→ **EXCERPTED RECORDS**
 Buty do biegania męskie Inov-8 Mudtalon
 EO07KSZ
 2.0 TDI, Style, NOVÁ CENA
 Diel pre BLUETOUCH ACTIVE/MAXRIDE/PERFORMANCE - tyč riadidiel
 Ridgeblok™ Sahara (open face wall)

* * *

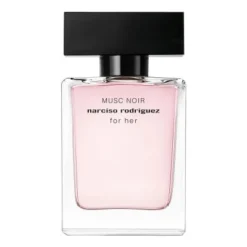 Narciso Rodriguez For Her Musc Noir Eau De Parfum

→ **GOAL OF THE EXERCISE**
Write out exactly the lines above between the line with "Buty do biegania męskie Inov-8 Mudtalon" and the line with "Ridgeblok™ Sahara (open face wall)", inclusive, and nothing beyond them.

→ **RESULT OF THIS TASK**
 Buty do biegania męskie Inov-8 Mudtalon
 EO07KSZ
 2.0 TDI, Style, NOVÁ CENA
 Diel pre BLUETOUCH ACTIVE/MAXRIDE/PERFORMANCE - tyč riadidiel
 Ridgeblok™ Sahara (open face wall)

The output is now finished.